We learn today that giant insurance company Allstate has sued BankAmerica and its Countrywide Financial unit over a bum investment. It seems Allstate bought $700 million of Collateralized Debt Obligations from Countrywide which were backed by residential mortgages originated by the mortgage lender. Allstate believes Countrywide misrepresented the quality of the portfolio.
Well, we don’t know yet the merits of this case – and we don’t know exactly what Countrywide disclosed in the offering documents for this CDO (were these stated-income mortgages? was performance of the mortgages listed in the documents? default rates? delinquencies?) To be sure, Countrywide originated some really bad mortgages and it is entirely possible that some of those made their way into the CDO Allstate bought.
But we do know that investors of all stripes were looking for ways to stretch yield and returns in the run up to the financial crisis of 2008 – insurance companies included. And Allstate is on that list as well. The most recent investment data Allstate shows (from its wholly-owned unit, Allstate Investments, on its website is from March. But it does give a little bit of an idea to some of the exposure facing the company.

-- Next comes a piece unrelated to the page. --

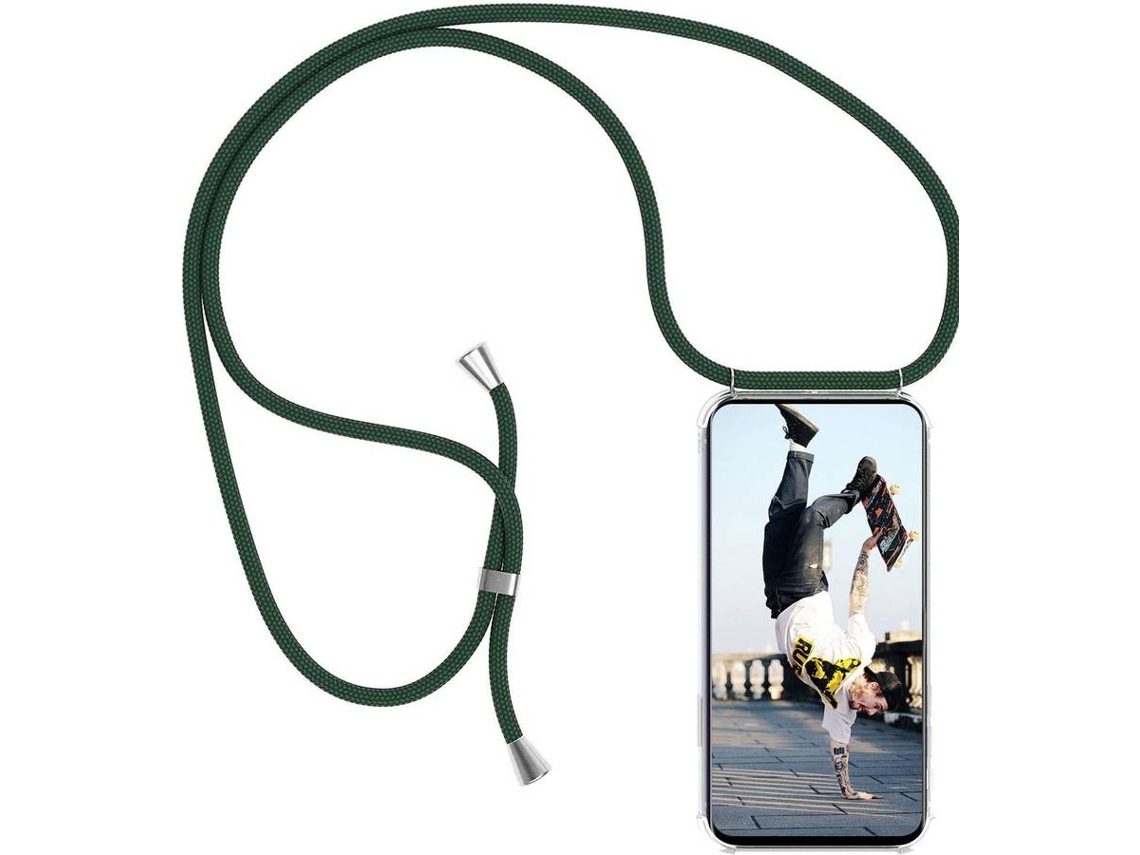 Capa iPhone 11 Pro Max HONGWE. Com corda Transparente, Verde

For example, it had $10.6 billion tied up in commercial mortgages. These were primarily first mortgages. It had $6.7 billion in commercial mortgage backed securities, rated anywhere from AAA to junk. Of the $9.2 billion in mortgage-backed securities, Allstate had roughly 26.5% invested in subprime and Alt-A mortgages. Click on the chart that shows the subprime slice and you get taken to a page that says the average credit quality of the MBS portfolio is AAA (hmmm, with 26% of it in subprime and Alt-A mortgages?) And then you get a flavor of the investment philosophy that went into the MBS portfolio (“Looking outside of the box” and “Being an early adopter.”)
It sounds like they should have looked a little more deeply inside the box to see what was wrapped up in their investment portfolio.
To be fair, Allstate has a huge portfolio ($105.4 billion as of March). And it is diversified into investments of all kinds. But the above shows it did opt to take on some calculated risk. And perhaps some it should have looked into a little more.